Roughly one in four new employees leave their organization within their first year of tenure, according to a recent report from PwC Saratoga. Since the cost of turnover per employee is 1.5 times the average compensation, employers should pay close attention to improving their onboarding process, and how they assimilate and engage employees even before their start date.

Orienting new hires into the company's culture and their new role starts before they even step in the office and should go beyond filling out HR paperwork on the first day. "A lot of what onboarding is about is easing the employee into the organization, setting accurate expectations before they even start," says Sunita Navile, a director of onboarding solutions at Kenexa, an IBM company. "Unmet expectations for new hires are the No. 1 reason they quit early on. It's buyer's remorse."

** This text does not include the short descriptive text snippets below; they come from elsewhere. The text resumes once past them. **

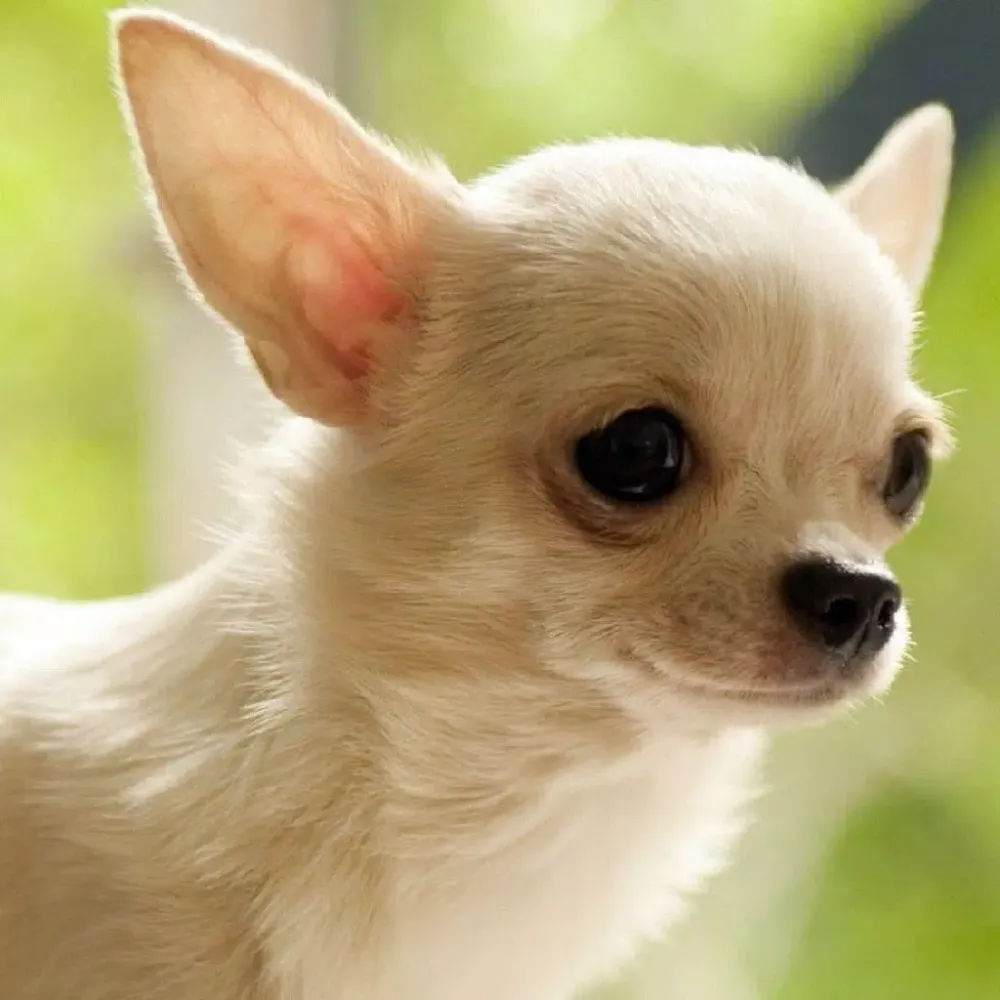 صور Chihuahuas Dog Puzzles Games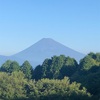 今朝の景色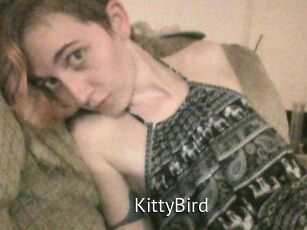 KittyBird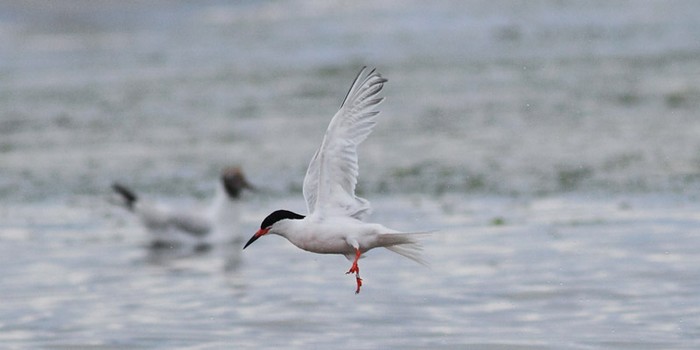 Roseate Tern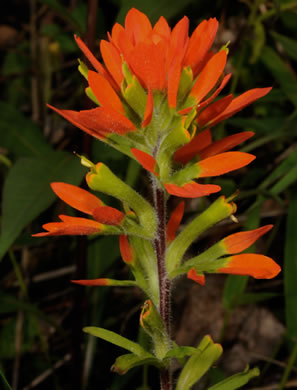 image of Castilleja coccinea, Eastern Indian Paintbrush, Scarlet Indian Paintbrush, Eastern Paintbrush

Since new hires generally have many questions, Navile advises employers to anticipate these questions, handhold the employee in the beginning and connect them with a buddy, a manager, and their work or project team to help assimilate them into the company and their new role.

 

 

'Continual process'

Organizational assimilation programs "are targeted toward decreasing the overall time for employees to become productive, promoting behaviors that are aligned with organizational goals, values, objectives and culture itself. And in building loyalty, which demonstrates commitment and builds the foundation for employee retention," said Chris Dustin, director with PwC, in a recent Web seminar.

He added that "people remember their first day of their job," and how helpful their co-workers were, as well as how engaged those co-workers were with the company. Employers must sustain the new hire's belief that they made the right decision accepting this job offer so that the employee doesn't become one of five that leave their company before their second year.

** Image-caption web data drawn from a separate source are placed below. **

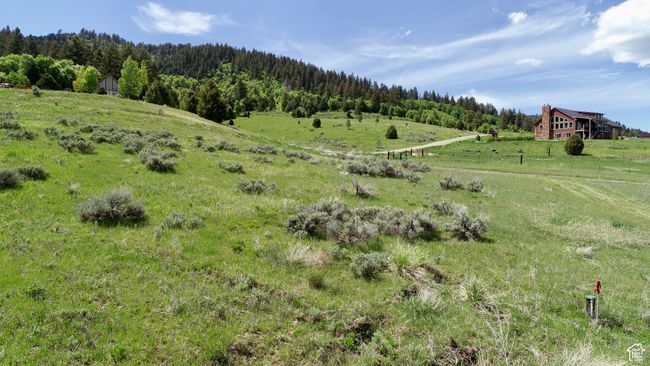 View of yard featuring a rural view and a forest view | Image 15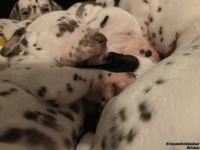 IMG_20250128_164428_web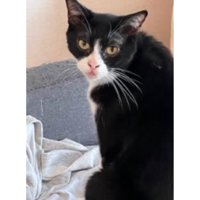 室内にいる猫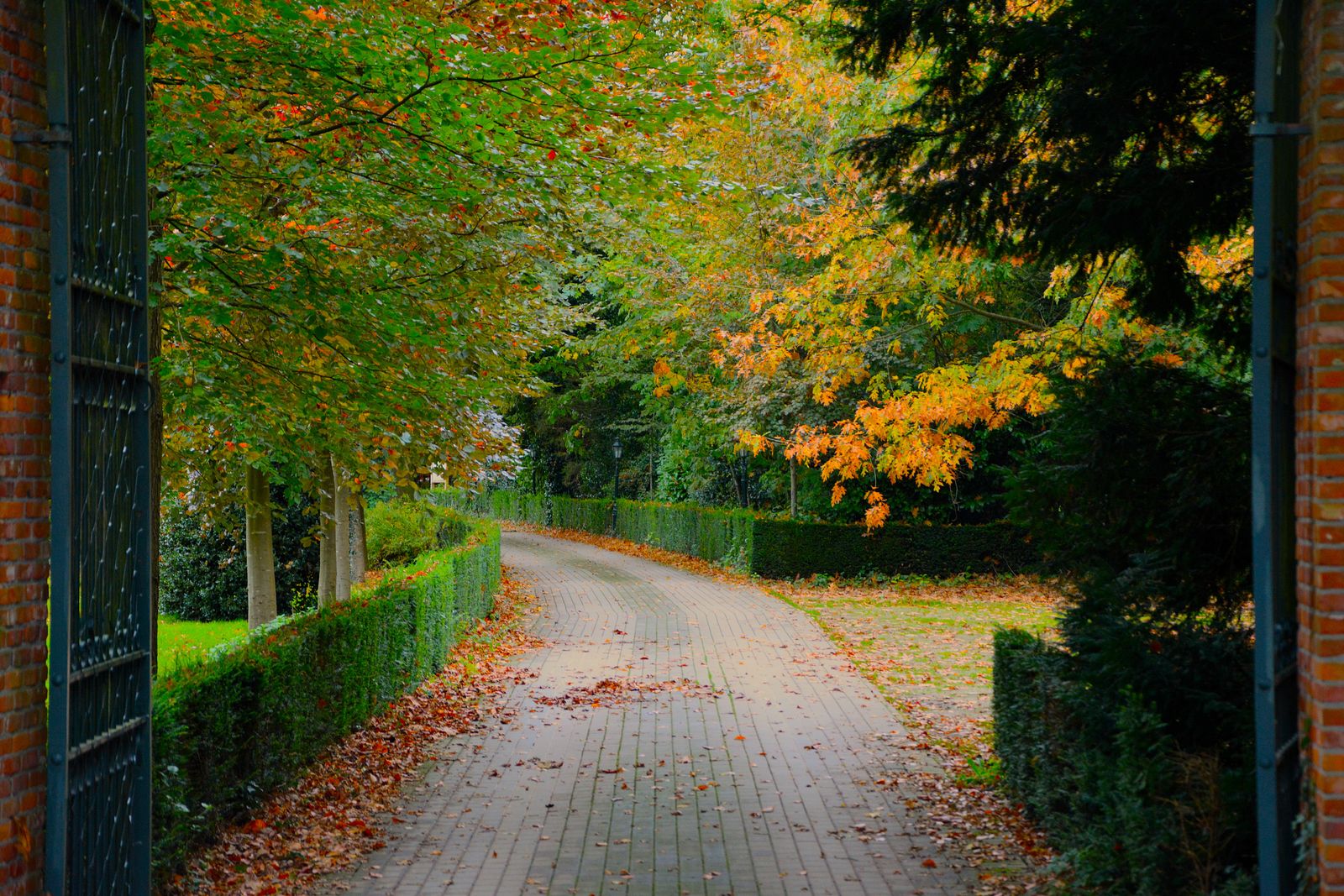 Discernment Counseling: Deciding What Comes Next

"Assimilation is a continual process," said Dustin, adding this process "should continue throughout the entire lifecycle of the employee."

Employers can monitor employees' engagement across this lifecycle and make improvements where most needed through strategic analysis of employee surveys. With data from different surveys at various employment stages, employers can build and leverage an informational repository for survey content, data and reporting.

 

 

3 common surveys

Here are the three most common surveys and the value each delivers, according to PwC:

* Onboarding surveys provide a view into the new employee's perspective. Employers have a unique opportunity to shape engagement as the new hire's employment experience begins.

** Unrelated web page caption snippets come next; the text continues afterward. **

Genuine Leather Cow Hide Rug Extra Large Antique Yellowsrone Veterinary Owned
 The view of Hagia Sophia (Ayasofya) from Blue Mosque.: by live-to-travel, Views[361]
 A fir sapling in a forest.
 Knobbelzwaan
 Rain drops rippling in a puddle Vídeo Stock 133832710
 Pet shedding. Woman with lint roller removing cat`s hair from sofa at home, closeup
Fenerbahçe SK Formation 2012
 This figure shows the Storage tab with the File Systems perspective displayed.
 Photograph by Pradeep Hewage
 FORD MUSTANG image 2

* Engagement surveys can offer a detailed assessment of which aspects of the employee/company relationship drive employee effort, pride and commitment.

* Exit surveys can provide candid insight into the factors that are driving turnover. They can point to organization's strength, as well as vulnerabilities.

Together, all these surveys can reveal the right onboarding framework for an employer, how to engage employees, and how to communicate the company's mission and goals effectively.

"Things are becoming more transformational. [Employers] are able to influence things much earlier in employees' experience and ultimately drive productivity, retention, better business outcomes," said Robert Tate, managing director with PwC.

 

 

Improving onboarding

For example, a professional services firm identified its common strengths and areas to improve by strategically analyzing survey results. It found out that while it held effective orientation sessions and provided robust pre-start information materials, it could improve its leadership communication, career development planning, and rewards and recognition strategy.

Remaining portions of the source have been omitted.